Before the concatenate operation the dimensions are permuted back to the original order and each path returns a 3D map with the same format (segments×filter number×time-steps) as received in the input of the attention block. These maps are concatenated with each other result in a 4D feature map of attention weights, a, with format: segments×filter number×time-steps×variables. This map is compatible for multiplication with h to obtain the 4D context map c, as in the classical attention. This 4D context map has scaling values in the segments and time-steps dimension for each filter number and variable.
The main advantage provided by the 2D attenuation block now developed relies on instead of processing individual steps, it is possible to process areas of attention in the segments and time-steps dimension, according to its neighbour's values i.e. sub-pattern in the time series. The importance of each area of attention will compete with all others in the same traditional way, using the softmax activation. Since each original sequence/time series variable of the MTS input will be scaled individually, each time series variable is processed individually. Thus, a split operation is applied to create a 2D attention block for each individual variable of the MTS. Before scaling the inputs, with the matrix multiplication, all obtained attention 3D maps are concatenated resulting in a compatible 4D matrix. In this way, it is constructed one independent attention vector a per variable of the MTS using 2D convolutional operations to capture the importance of a time-step inside surrounding segments and time-steps area. Many-sub patterns can be analysed using staked convolutional 2D layers inside the attention block.

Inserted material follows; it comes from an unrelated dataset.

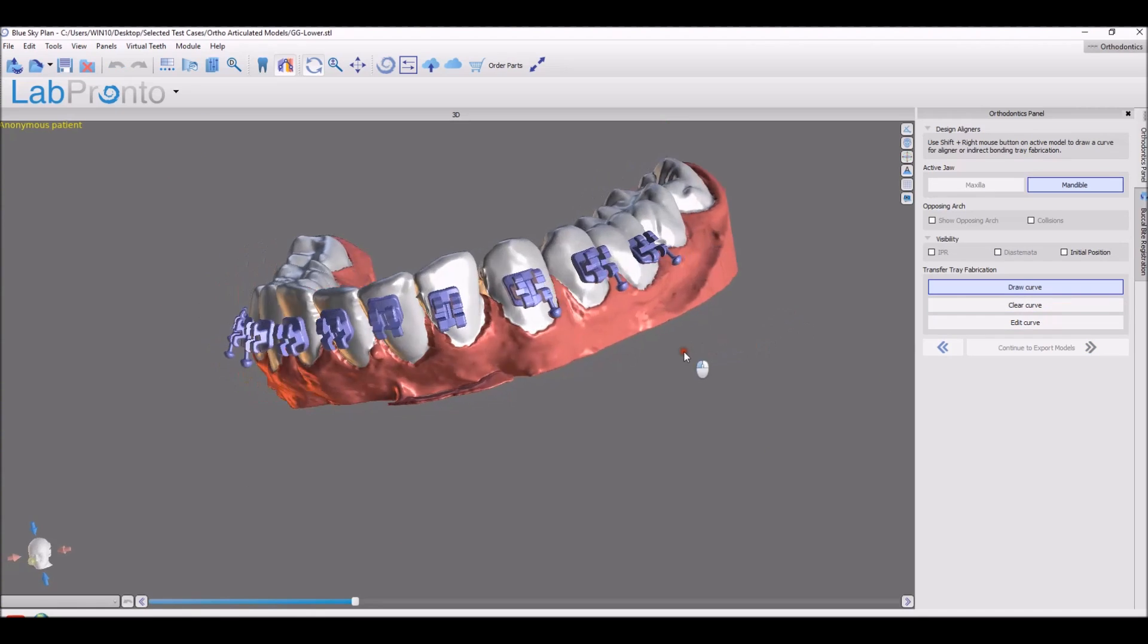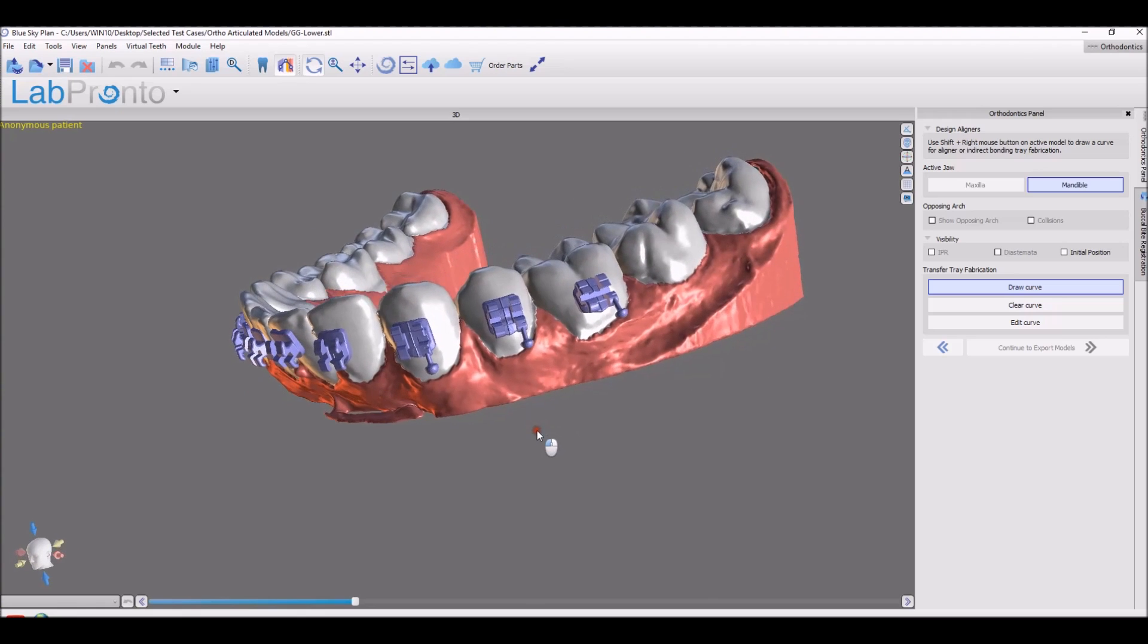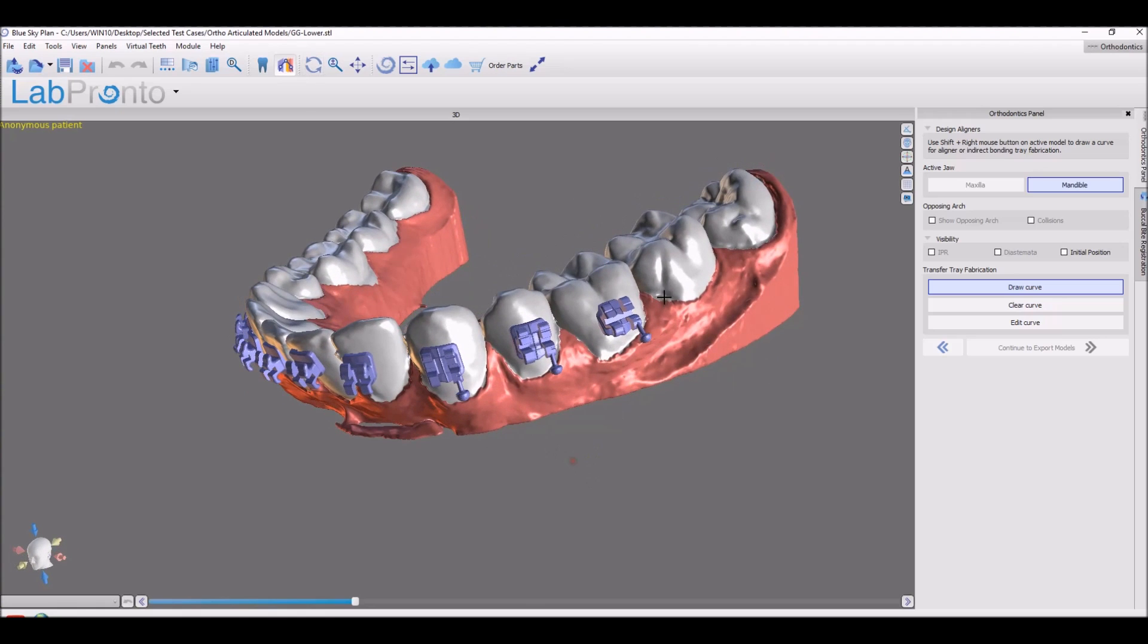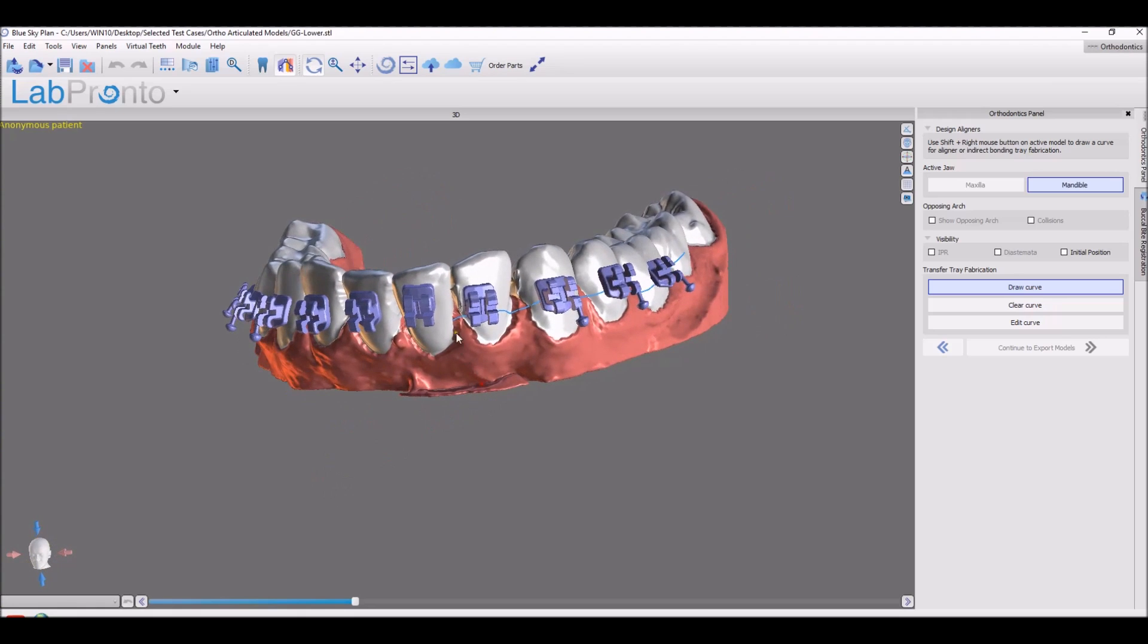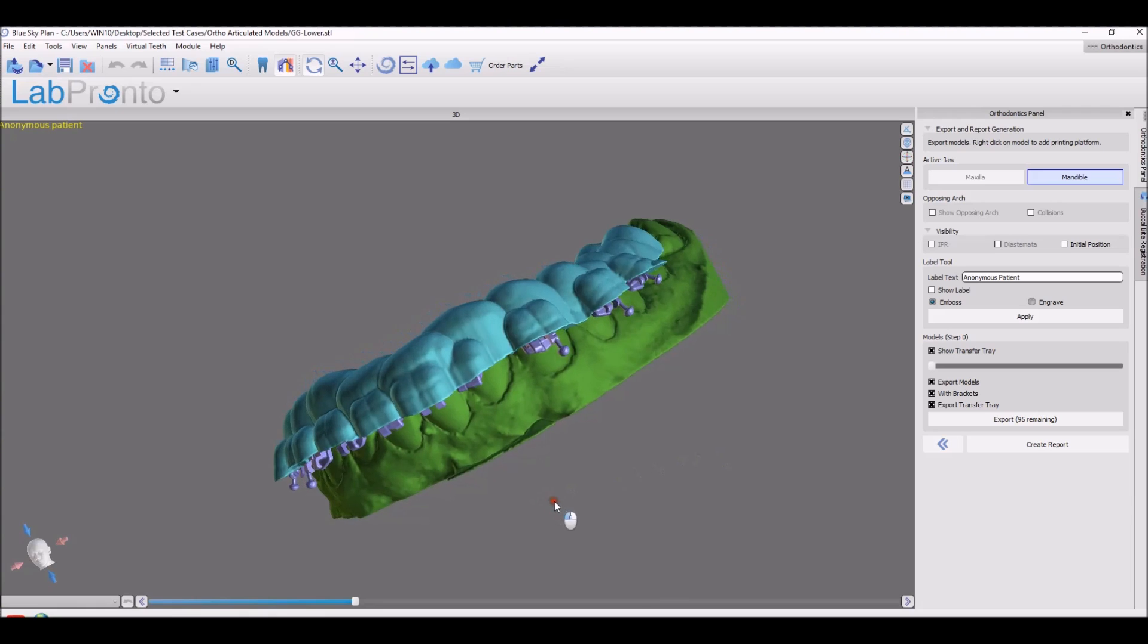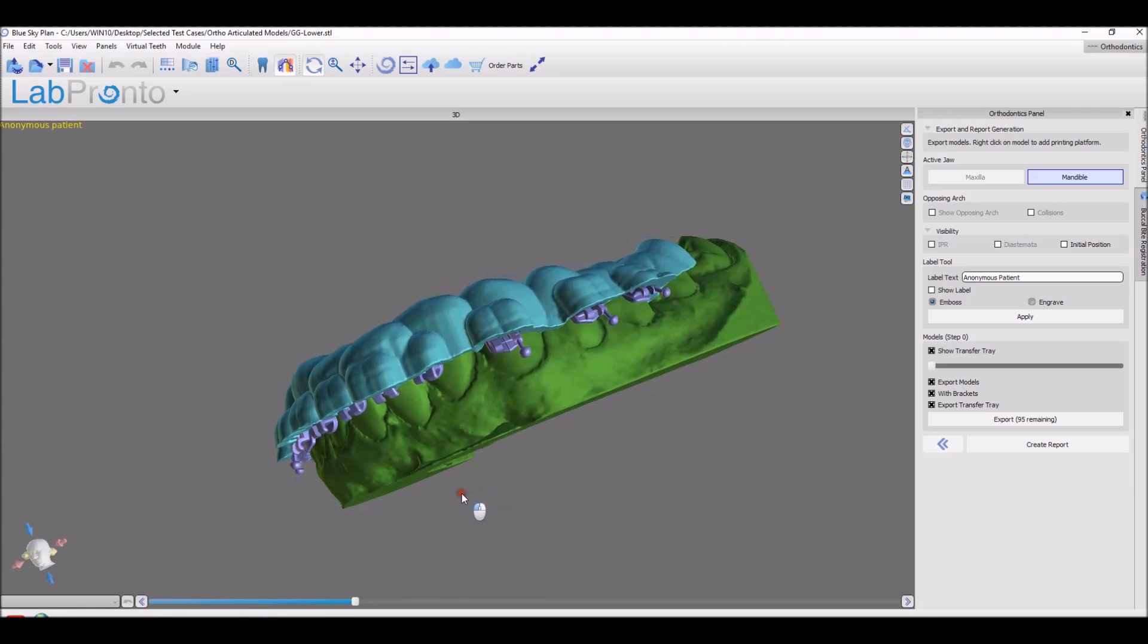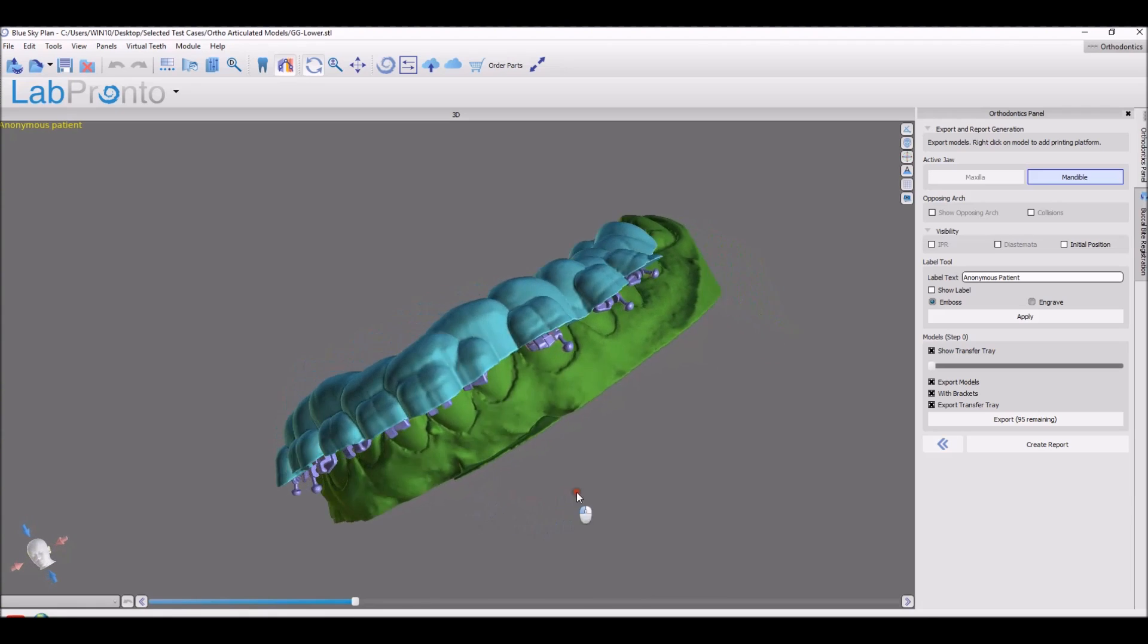You can then continue to design your IBT the same way you'd design a surgical guide for those of you who are familiar. And then you could go ahead and export the models with the brackets if you like, and of course with the IBT.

The object of the present invention is a multi-convolutional 2D attention unit for performing analysis of a MTS 3D input data (1). For the purpose of the present invention the MTS 3D input data (1) is defined in terms of segments×time-steps×variables, having cyclic properties is suitable for being partitioned into segments.
The multi-convolutional 2D attention unit comprises the following block: a splitting block (2), a attention block (3), a concatenation block (4) and a scaling block (5).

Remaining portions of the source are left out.